WHAT NEEDS TO BE DONE:
Give the data again exactly as written, without any of its pictures.

INFORMATION PROVIDED:
▬▬▬

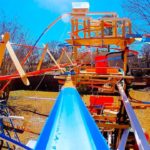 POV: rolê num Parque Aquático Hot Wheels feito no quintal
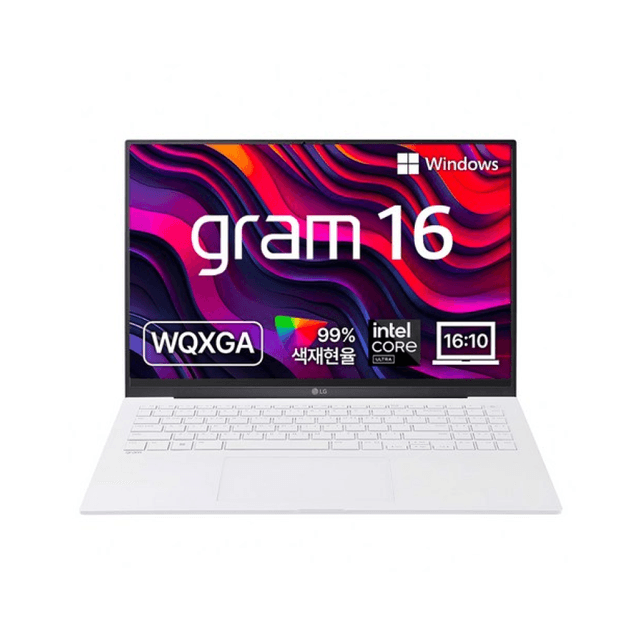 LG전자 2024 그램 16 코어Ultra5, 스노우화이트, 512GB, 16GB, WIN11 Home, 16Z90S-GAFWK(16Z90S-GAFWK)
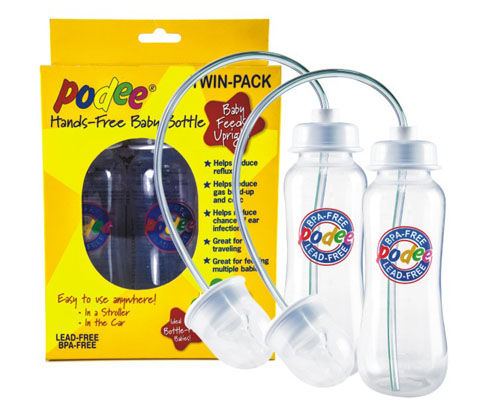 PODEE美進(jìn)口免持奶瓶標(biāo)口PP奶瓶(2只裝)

▬▬▬

EXERCISE SOLUTION:
 POV: rolê num Parque Aquático Hot Wheels feito no quintal
 LG전자 2024 그램 16 코어Ultra5, 스노우화이트, 512GB, 16GB, WIN11 Home, 16Z90S-GAFWK(16Z90S-GAFWK)
 PODEE美進(jìn)口免持奶瓶標(biāo)口PP奶瓶(2只裝)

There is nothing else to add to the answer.